A philosophy emerges. Could this be my voice? A unique perspective informed by the wish and directed by the scope?
Your color space, your processing order, and where you place your look node all reveal something. Not just about the image, but about you.
This is where philosophy enters the room. It usually sneaks in quietly, under the hood of habit.
You build a structure because it works. But over time, that structure becomes a voice. If it is in constant flux, what does that say about you as an artist?
Structure Reveals Philosophy
Take this layout:
IDT → negative → CDL → look → secondaries → texture → ODT
For this structure, the negative early is an homage to the filmic approach. But what if we expose before the negative, as if the CDL were the camera?
IDT → CDL → negative → look → secondaries → texture → ODT
Those questions compose your look development philosophy. You are not reactively chasing a look. You are efficiently setting an overarching tone.
Other colorists build differently. Some front-load the look, letting emotional tone guide every step after. Others create parallel paths to test options side by side.
Each approach says something. Your structure reveals how you think, technically and creatively. It shows what you value and what you are willing to let go of.
When your architecture is sound, your instincts have room to operate. You are not second-guessing. And the more consistent that structure becomes, the louder your voice gets.
Process Is Louder Than Style
There is a difference between aiming for a film look and understanding how film thinks.
Subtractive color is not a trend. It is part of my color philosophy.
Film blocks light. It removes. It carves. Just like shaping sound by taking out harsh frequencies, this is an approach: taking out red, green, or blue with printer lights.
When you approach digital grading this way, you are revealing what is already there through discipline and craft.
That is the difference between applying a LUT and creating a process you trust across projects. Nothing is wrong with LUTs. Anything and everything goes. But process is what lets the look survive context.
Technical Flexibility, Creative Consistency
I will use JPlog2 on one job, ACES 2 on the next, and LogC when the project makes that obvious.
That does not change who I am. It means I am listening.
JPlog2 gives me nuance.
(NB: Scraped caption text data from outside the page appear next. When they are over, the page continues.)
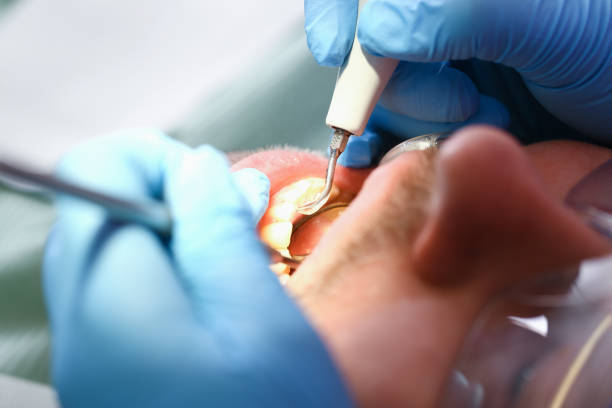 Best Weekend Emergency Dentist in Salinas, CA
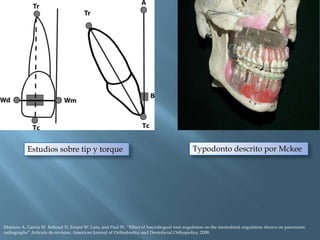 Estudios sobre tip y torque
Mariano A. Garcia W. Raboud D, Ernest W. Lam, and Paul W. “Effect of buccolingual root angulation on the mesiodistal angulation shown on panoramic
radiographs” Artículo de revision, American Journal of Orthodontics and Dentofacial Orthopedics, 2008.
Typodonto descrito por Mckee
 
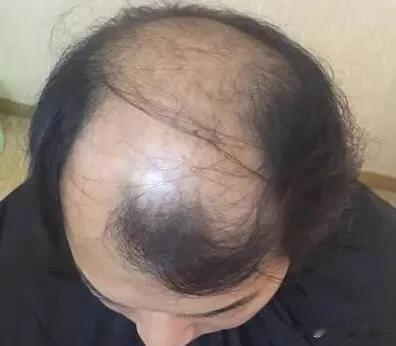 如果一天掉1000根头发的话，我的所有头顶的毛发能坚持多久？
   前两年开始掉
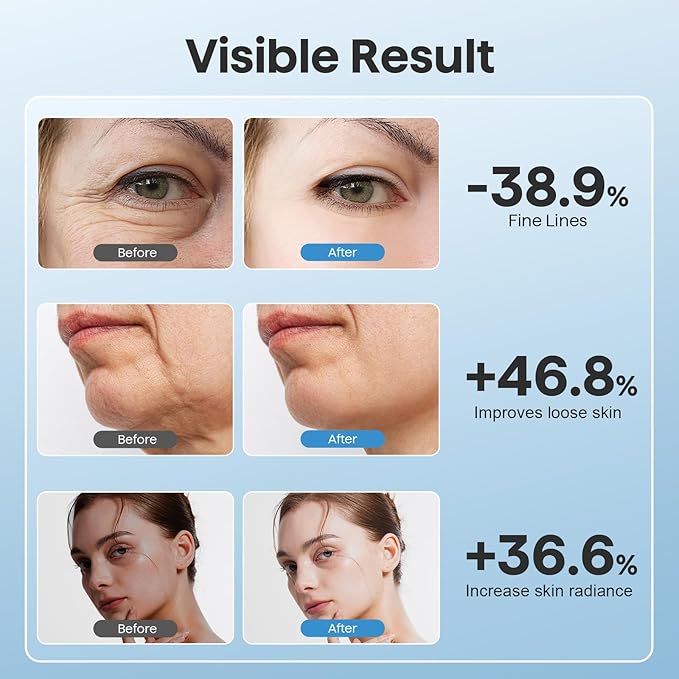 Red Light Therapy for Face, 3 Mode Face Massager Tool with Heating Vibration for Skin Care, Wrinkle Reducer Facial Massager to Soothe and Relax Skin, Micro-Current Face Beauty Device (AM-810B)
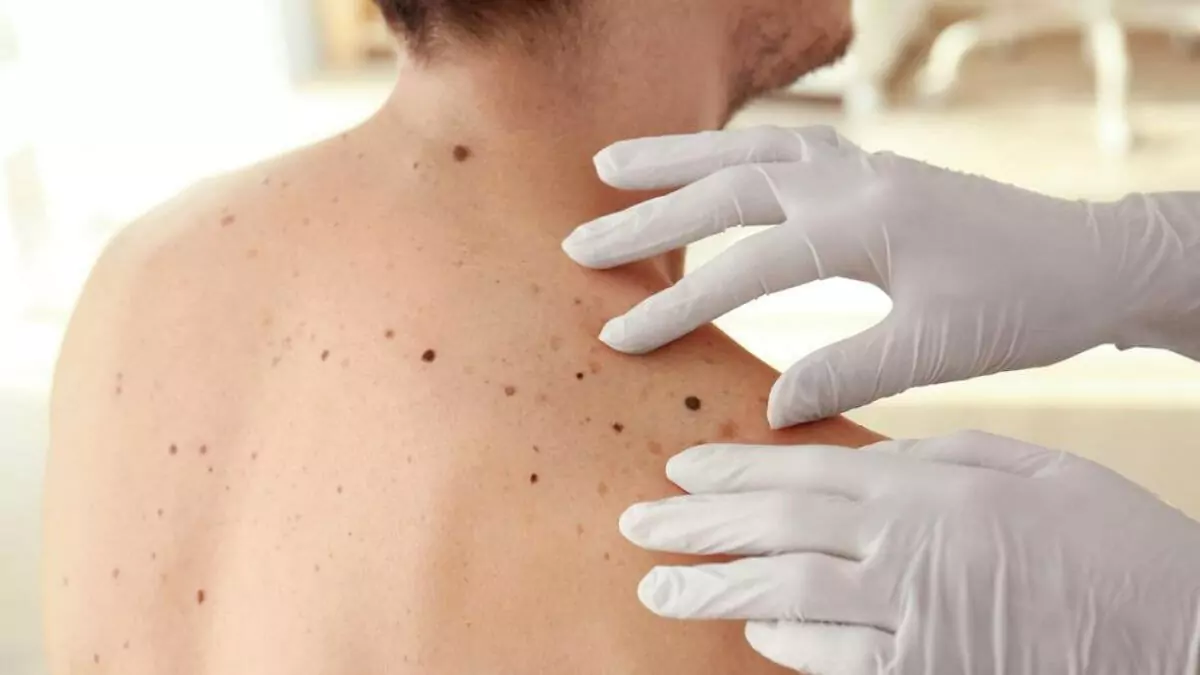 High Cholesterol Signs on your skin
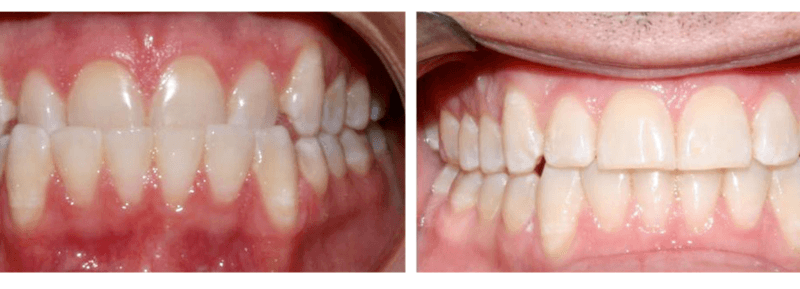 Before and after Invisalign in Ellensburg, WA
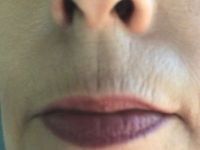 Tiêm Bellafill vào đường viền môi trên hay tái tạo bề mặt da?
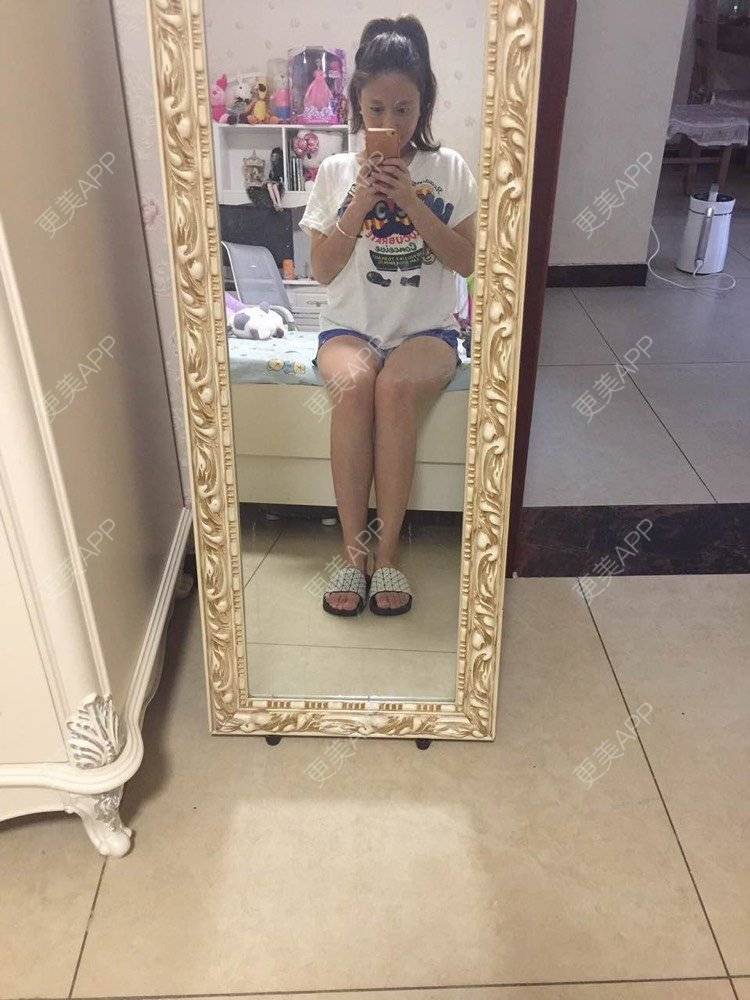 更美 - mylog的腰腹吸脂经验 | 腰腹吸脂 | 自体脂肪丰臀 | 天津 | 胶原蛋白丰臀 | 假体丰臀 | 射频溶脂塑臀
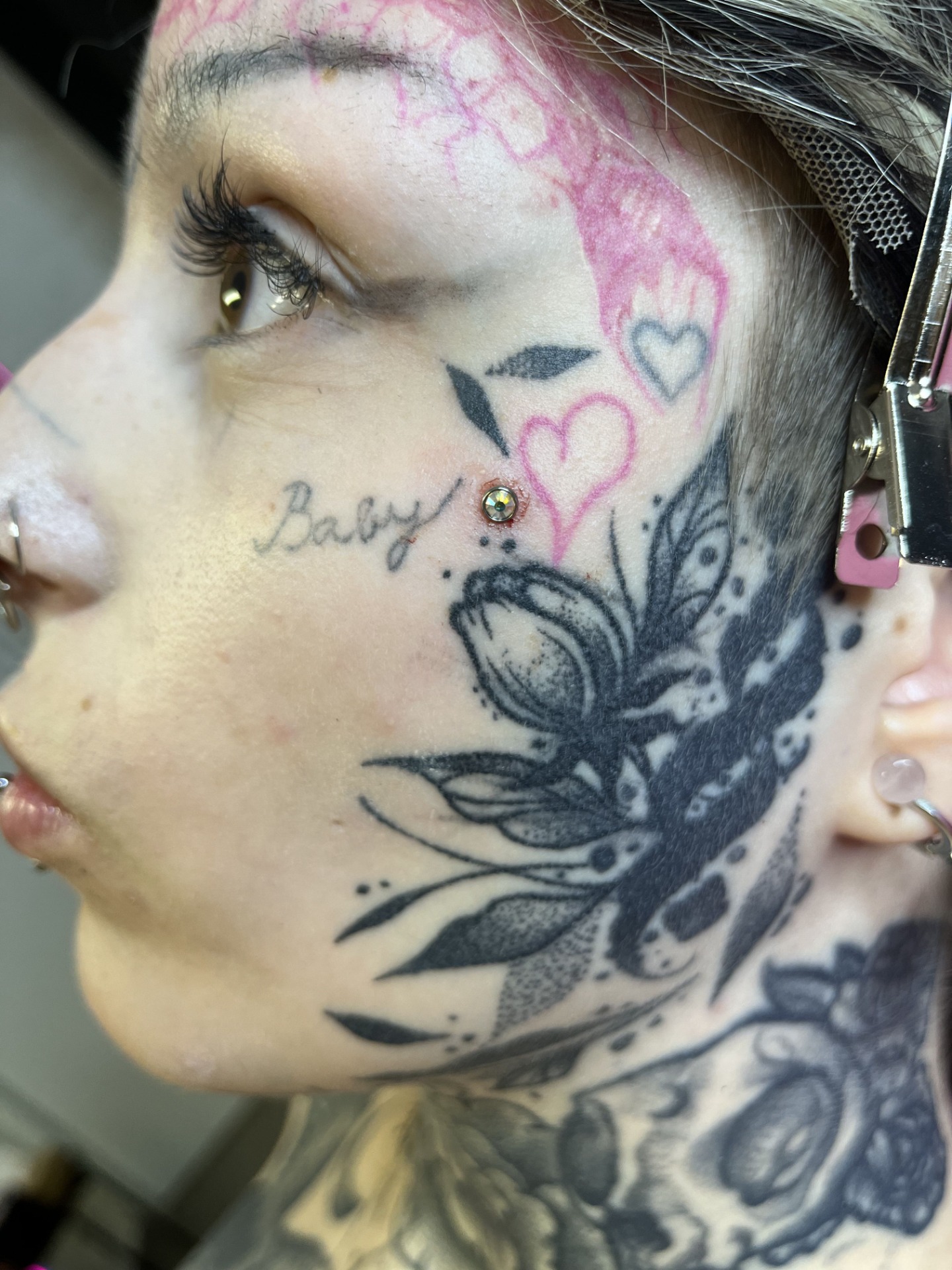 kvalitní mikrodermál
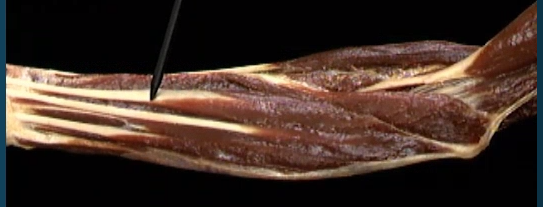 <p>Onder arm, anterior zicht</p>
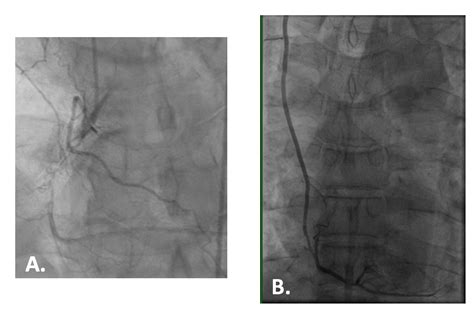 Ismics Robotic Totally Endoscopic Beating Heart Bypass To The Right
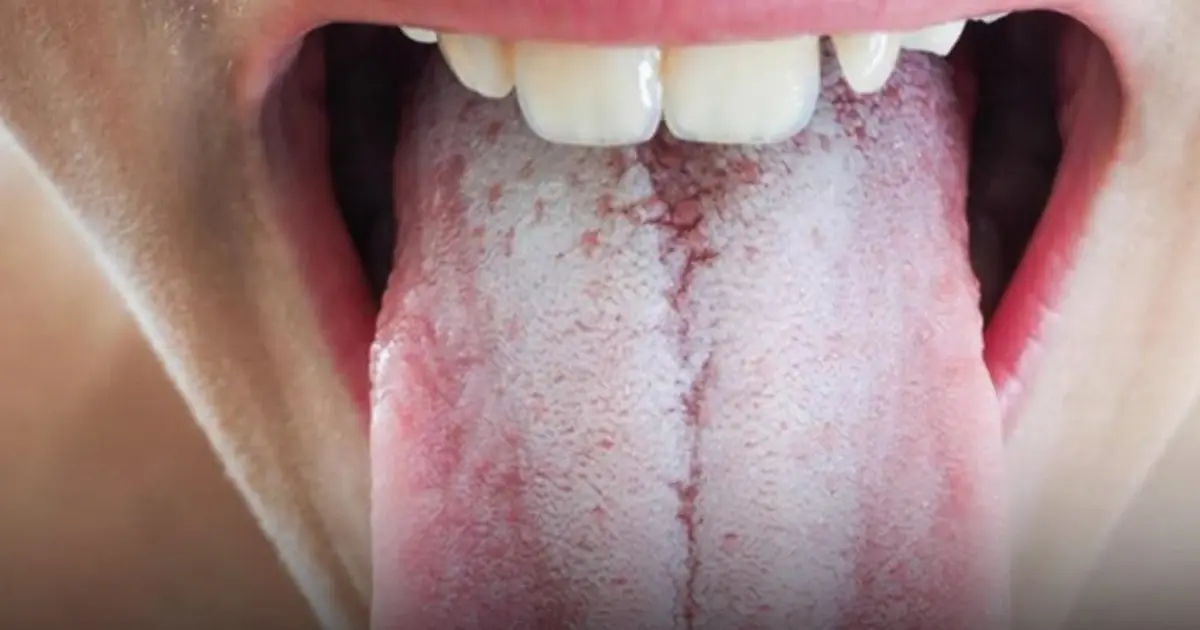 A White Tongue Could Be a Sign of an Underlying Health Issue — Here’s What Doctors Say
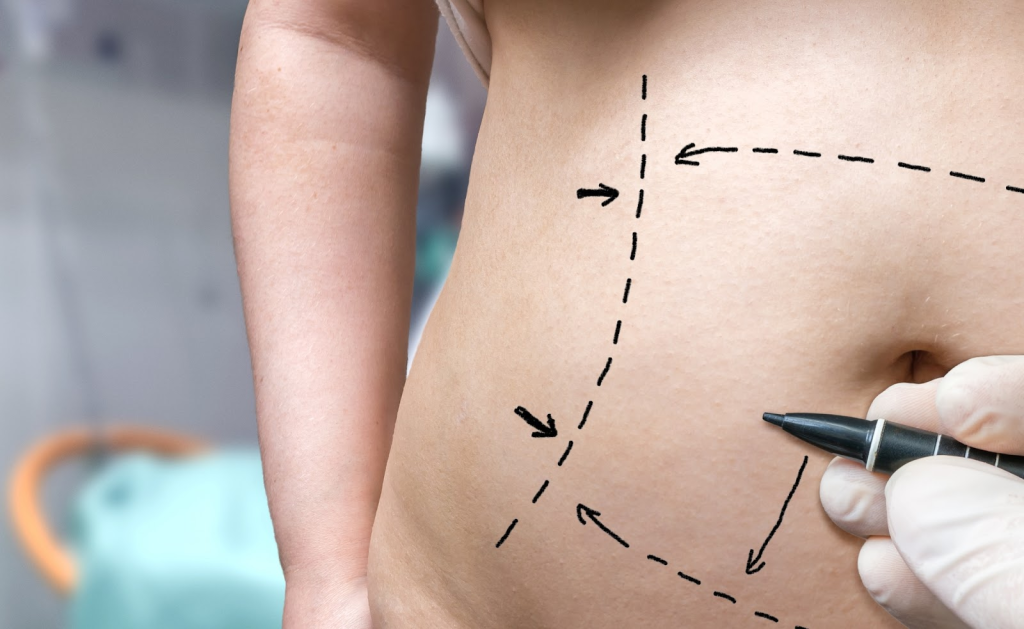 Maximizing Your Tummy Tuck: Proven Strategies for Long-Lasting Results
ACES 2 gives me structure. LogC was obvious when the whole campaign was shot on ARRI cameras.
Neither is better. They are different doors into similar rooms. What matters is knowing why I reach for one over the other, and what it allows me to say.
Gear changes. Specs change. Deliverables shift. But your voice should hold, unless you choose to evolve it.
Color philosophy is not something you build once. It is something you revisit every time you hit play.